The Creative Industries Federation (CIF) has called for the government and political parties to support a second referendum on whether the UK should leave the European Union.

The body that represents the UK’s creative industries has urged party leaders to back a new vote, and stressed the dangers of leaving the EU without a deal.

The call for a second referendum follows the crushing parliamentary defeat for Theresa May’s withdrawal agreement last night. The prime minister lost the vote by a margin of 230 MPs, the biggest loss for a sitting government in history.

CIF chief executive Alan Bishop said: “We have now reached an undeniable cliff edge, and it is imperative that our political parties do what is necessary to prevent the extreme damage that will be caused if we crash out of the EU.

”The free movement of goods, services, capital and people have underpinned the sector’s success and our ability to attract talent, tour freely, and trade on our doorstep is vital to the ongoing success of the creative industries and to the UK as a whole. This is why 96% of our members intended to vote to remain ahead of the referendum, and why crashing out of the EU without a deal would have catastrophic consequences for the sector.

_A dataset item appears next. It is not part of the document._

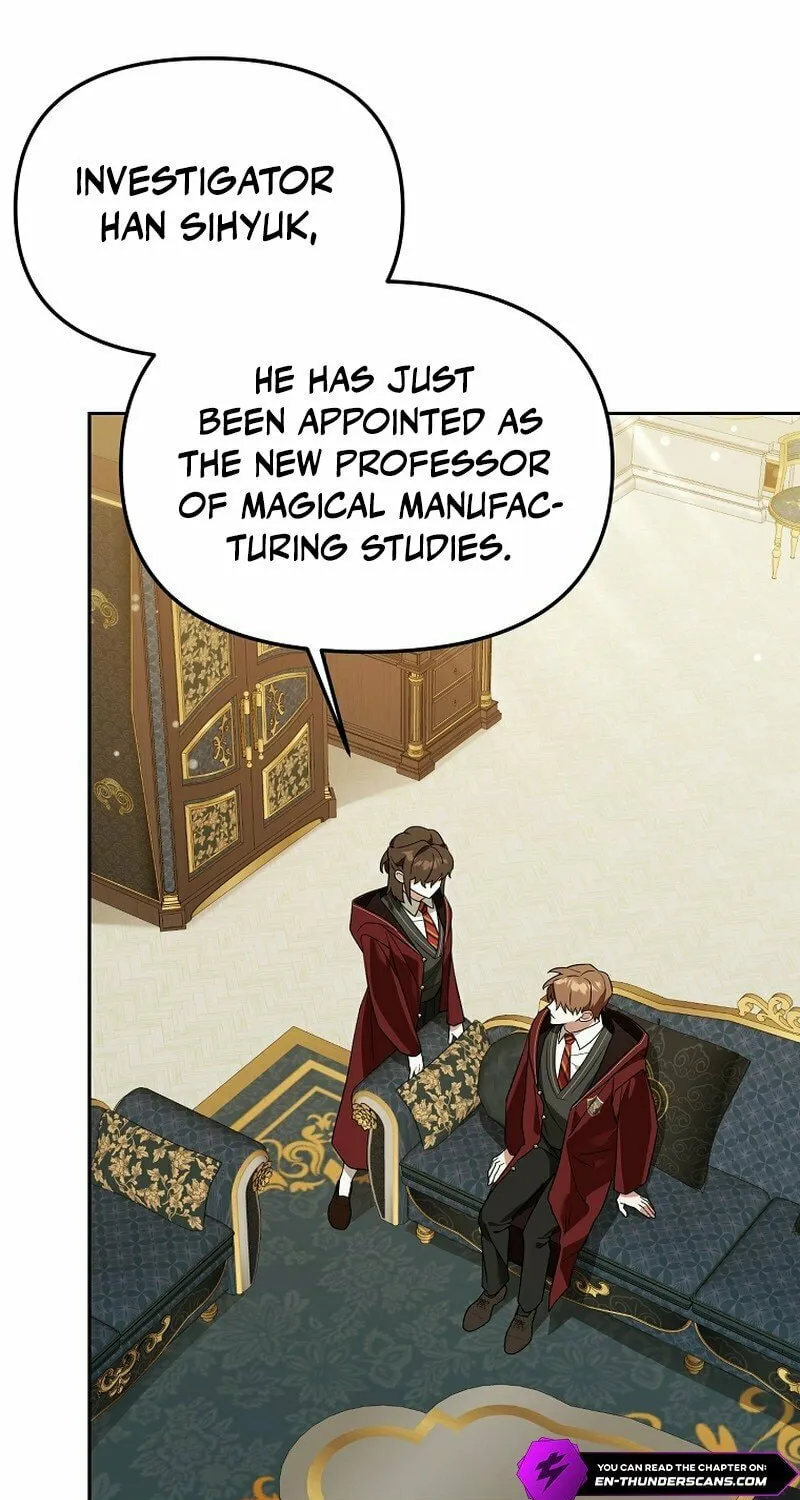 The Genius Tamer of the Academy Chapter 36 page 3 -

“Although further uncertainty will of course be challenging for the creative industries, this presents less of a threat to the country’s prosperity than leaving the EU without a deal.

“Not only are the creative industries vital to our economy, they also play a fundamental role in the life of every person living in the UK and are of irreplaceable importance to the way that the UK is viewed around the world.”

The CIF says the creative industries are the fastest-growing part of the UK’s economy, contribute more than £100bn in GVA (gross value added) and employ 1 in 11 people.

In the CIF’s global trade report, 40% of the UK’s creative industries stressed that a “no deal” Brexit scenario would harm their business’s ability to export, while 21% would, in the event of no deal, consider moving all or part of their businesses abroad.